How Could the Burning of Ferguson been Avoided?
The way to avoid such situations is to apply the principles of Sir Robert Peel, who established the London Metropolitan Police in 1829. The reason he convinced Parliament to let him start the LMP was because of similar events in London at that time. Indeed, even in the Declaration of Independence we see an indication that something less oppressive had to be done. The United Stated Declaration of Independence listed as one of the grievances against King George’s repressive government,
“For quartering large bodies of armed troops among us:
“For protecting them, by a mock Trial from punishment for any Murders which they should commit on the Inhabitants of these States”
Sound familiar? The events which began with Rodney King in 1991 and continued to Michael Brown in 2014 are just like what King George was reaping upon the American Colonists. This is not to say that Darren Wilson should have been indicted, for he may well be innocent of wrong-doing, but after a history of such abuses, the public cannot tell the difference and eventually fights back—in kind—violence begets violence.

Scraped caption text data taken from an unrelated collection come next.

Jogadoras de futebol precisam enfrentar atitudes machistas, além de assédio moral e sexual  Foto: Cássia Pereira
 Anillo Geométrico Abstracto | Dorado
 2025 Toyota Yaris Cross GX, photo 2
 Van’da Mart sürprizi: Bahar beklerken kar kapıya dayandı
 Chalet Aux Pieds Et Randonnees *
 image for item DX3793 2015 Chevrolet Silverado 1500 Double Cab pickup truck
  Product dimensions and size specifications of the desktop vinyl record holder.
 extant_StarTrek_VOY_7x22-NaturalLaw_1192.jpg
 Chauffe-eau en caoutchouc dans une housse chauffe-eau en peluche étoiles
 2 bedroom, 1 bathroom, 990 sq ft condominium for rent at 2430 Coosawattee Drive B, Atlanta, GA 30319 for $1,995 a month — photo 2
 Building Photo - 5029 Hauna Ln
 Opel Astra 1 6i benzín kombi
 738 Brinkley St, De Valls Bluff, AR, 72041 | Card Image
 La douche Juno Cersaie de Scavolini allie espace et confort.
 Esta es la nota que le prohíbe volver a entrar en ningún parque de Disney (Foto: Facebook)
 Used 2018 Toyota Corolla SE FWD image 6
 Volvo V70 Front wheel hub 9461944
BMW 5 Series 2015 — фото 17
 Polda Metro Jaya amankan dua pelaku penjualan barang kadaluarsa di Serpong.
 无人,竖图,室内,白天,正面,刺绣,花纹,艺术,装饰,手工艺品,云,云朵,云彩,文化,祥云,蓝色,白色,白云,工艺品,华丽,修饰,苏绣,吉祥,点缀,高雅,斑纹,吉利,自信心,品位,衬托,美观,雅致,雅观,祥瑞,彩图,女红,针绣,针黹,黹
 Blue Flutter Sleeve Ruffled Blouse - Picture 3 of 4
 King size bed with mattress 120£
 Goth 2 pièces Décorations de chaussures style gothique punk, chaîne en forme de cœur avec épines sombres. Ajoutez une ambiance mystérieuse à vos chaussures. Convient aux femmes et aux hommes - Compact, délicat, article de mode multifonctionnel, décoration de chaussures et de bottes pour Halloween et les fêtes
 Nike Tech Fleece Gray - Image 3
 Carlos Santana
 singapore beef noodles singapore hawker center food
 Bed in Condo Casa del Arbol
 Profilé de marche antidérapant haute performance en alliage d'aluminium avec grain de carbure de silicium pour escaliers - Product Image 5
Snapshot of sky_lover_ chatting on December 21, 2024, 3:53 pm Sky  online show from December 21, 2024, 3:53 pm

By applying the principles of Sir Robert Peel, this situation could have been avoided, but sadly, in Ferguson, MO, rather than befriending the public, police have taken an adversarial position—the public has responded in kind. This is reflected in the wearing of the bracelets, not wearing name badges, and generally reacting with violence to non-violent protesters. The police in Ferguson brought this on themselves slowly over time, years.
When Sir Robert Peel established the LMP, he did so because there had been a number of protests in London which had been brutally suppressed by the English military, which at that time was responsible for controlling the public. His concept was different. He saw what happened with the American Revolution and he understood history. Peel knew that historically, military forces react to situations with toughness, treating the pubic like an enemy to be defeated. But the public is NOT an enemy. Peel thus wisely understood that police need the cooperation of the public to be effective and when he developed the first modern police force, he implemented principles to guide their actions such that they would gain public trust. Clearly, the police force in Ferguson, Missouri has failed to maintain public trust.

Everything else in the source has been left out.